The \(\chi^2(\nu)\) Random Variable

This is what you get if you take \(\nu\) independent standard normals, square them, and sum the result. The paramter \(\nu\) is called the “degrees of freedom.”

Let’s try creating some \(\chi^2(1)\) random draws the hard way rather than using rchisq

#Function to draw a single Chi-squared random variable with degrees of freedom equal to df
my.rchisq <- function(df){
  
  #Draw df independent standard normals
  normal.sims <- rnorm(df)
  
  #Square them and sum the result
  chi.sims <- sum(normal.sims^2)
  
}  

sims <- replicate(10000, my.rchisq(1))
hist(sims, probability = TRUE)
x <- seq(from = 0, to = max(sims), by = 0.01)
points(x, dchisq(x, df = 1), type = 'l', col = 'red')

It works! The histogram of simulations aligns almost perfectly with a plot of the actual density of a \(\chi^2(1)\) random variable, which we got from dchisq.

Notice that I had to set probability = TRUE so that we got a histogram of relative frequencies rather than counts.

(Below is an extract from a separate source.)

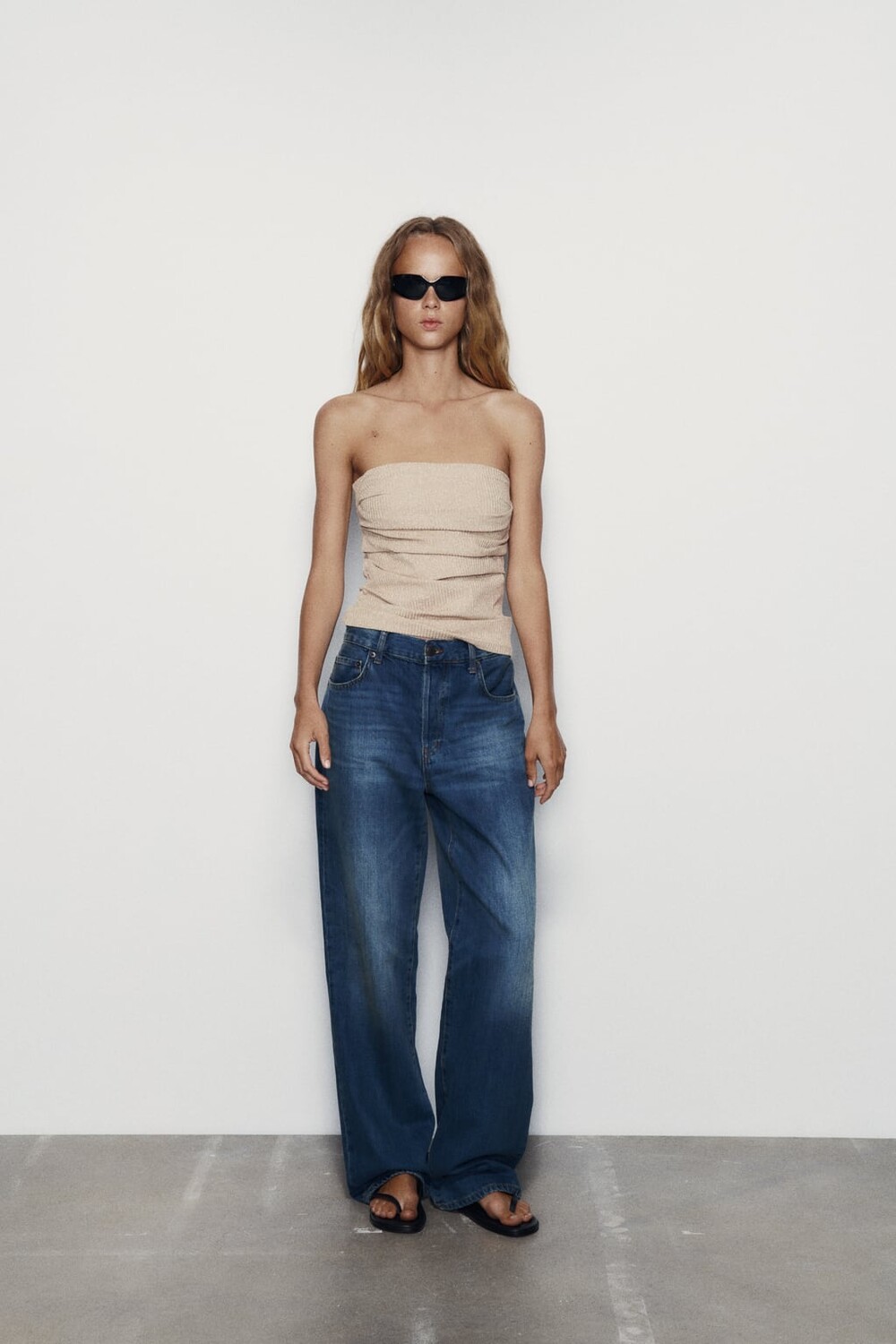 

Блестящий топ-бандо ZARA, золотой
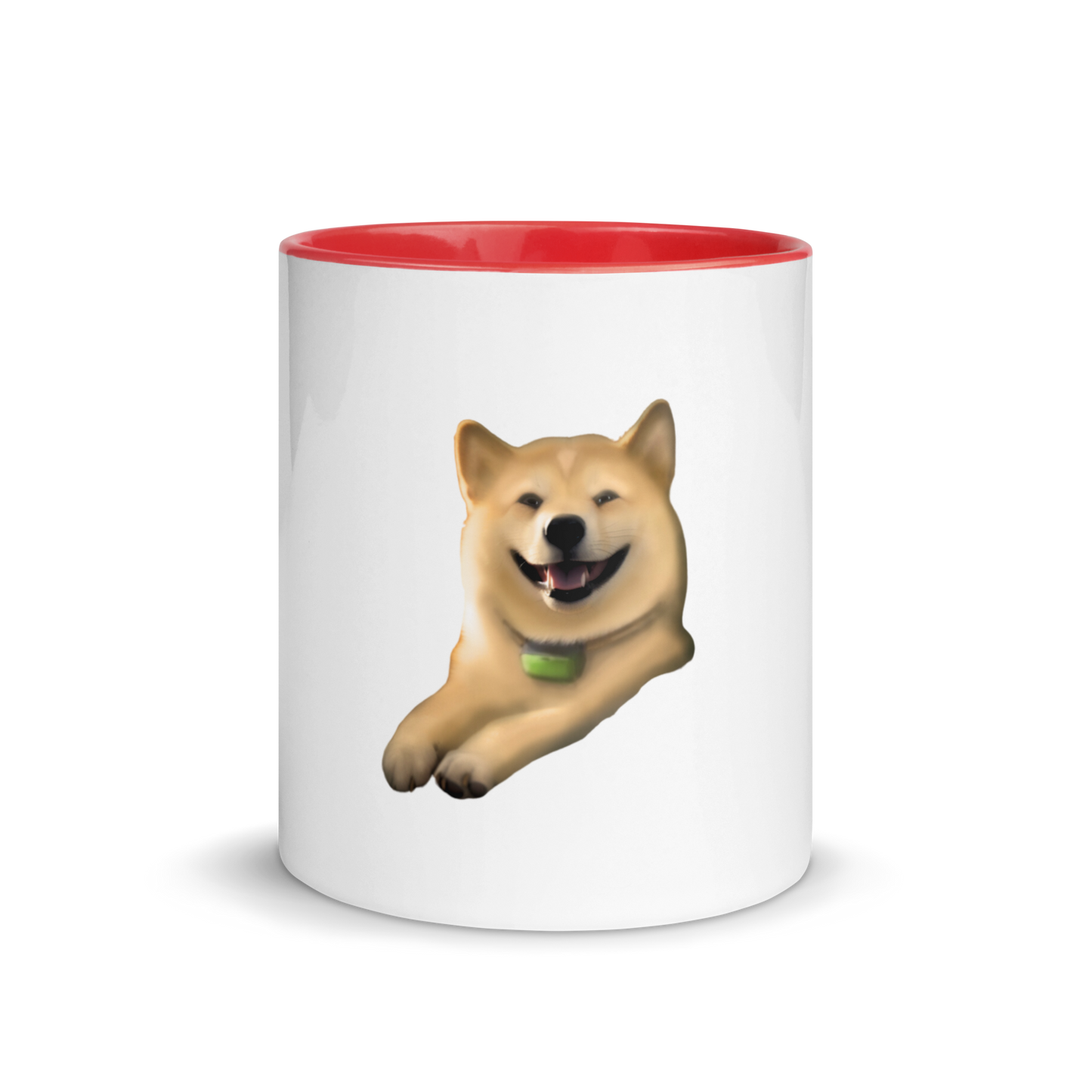 white and red Custom Pet Coffee Mug for a dog named Cooper that loves couches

Otherwise the scale of the histogram relative to the \(\chi^2\) density would have been wrong.

We can try this again for a \(\chi^2(5)\)

sims <- replicate(10000, my.rchisq(5))
hist(sims, probability = TRUE)
x <- seq(from = 0, to = max(sims), by = 0.01)
points(x, dchisq(x, df = 5), type = 'l', col = 'red')

The Student-t Random Variable

The Student-t distribution is built from the Normal and the \(\chi^2\) so we can reuse my.rchisq from above:

my.rt <- function(df){
 
  numerator <- rnorm(1)
  denominator <- sqrt( my.rchisq(df) / df )
  
  t.sim <- numerator/denominator
  return(t.sim)
  
}

Now we’ll try this out for a Student-t with one degree of freedom:

sims <- replicate(10000, my.rt(1))
hist(sims, probability = TRUE)
x <- seq(from = min(sims), to = max(sims), by = 0.01)
points(x, dt(x, df = 1), type = 'l', col = 'red')

Wow! That looks weird! I told you in class that the Student-t distribution is really wild. What I meant was that it generates lots of “outliers” which is why the histogram looks so strange. We can “zoom in” on the region near zero by trimming out these outliers:

sims <- subset(sims, -6 <= sims & sims <= 6)
hist(sims, probability = TRUE)
x <- seq(from = min(sims), to = max(sims), by = 0.01)
points(x, dt(x, df = 1), type = 'l', col = 'red')

Again we see that it works well. The Student-t gets much less wild when its degrees of freedom increase, so we don’t need to do any trimming to make the plot readable:

sims <- replicate(10000, my.rt(30))
hist(sims, probability = TRUE)
x <- seq(from = min(sims), to = max(sims), by = 0.01)
points(x, dt(x, df = 30), type = 'l', col = 'red')

The \(F(\nu, \omega)\) Random Variable

Last but not least we have the \(F\) random variable, which is defined as a ratio of independent \(\chi^2\) random variables, each divided by their degrees of freedom. We’ll just use my.rchisq twice:

my.rf <- function(numerator.df, denominator.df){

  numerator <- my.rchisq(numerator.df) / numerator.df
  denominator <- my.rchisq(denominator.df) / denominator.df
  
  f.sim <- numerator / denominator
  return(f.sim)
  
}

Finally, we’ll test this out for an \(F(5,40)\) random variable

sims <- replicate(10000, my.rf(5,40))
hist(sims, probability = TRUE)
x <- seq(from = 0, to = max(sims), by = 0.01)
points(x, df(x, df1 = 5, df2 = 40), type = 'l', col = 'red')

I hope this was helpful!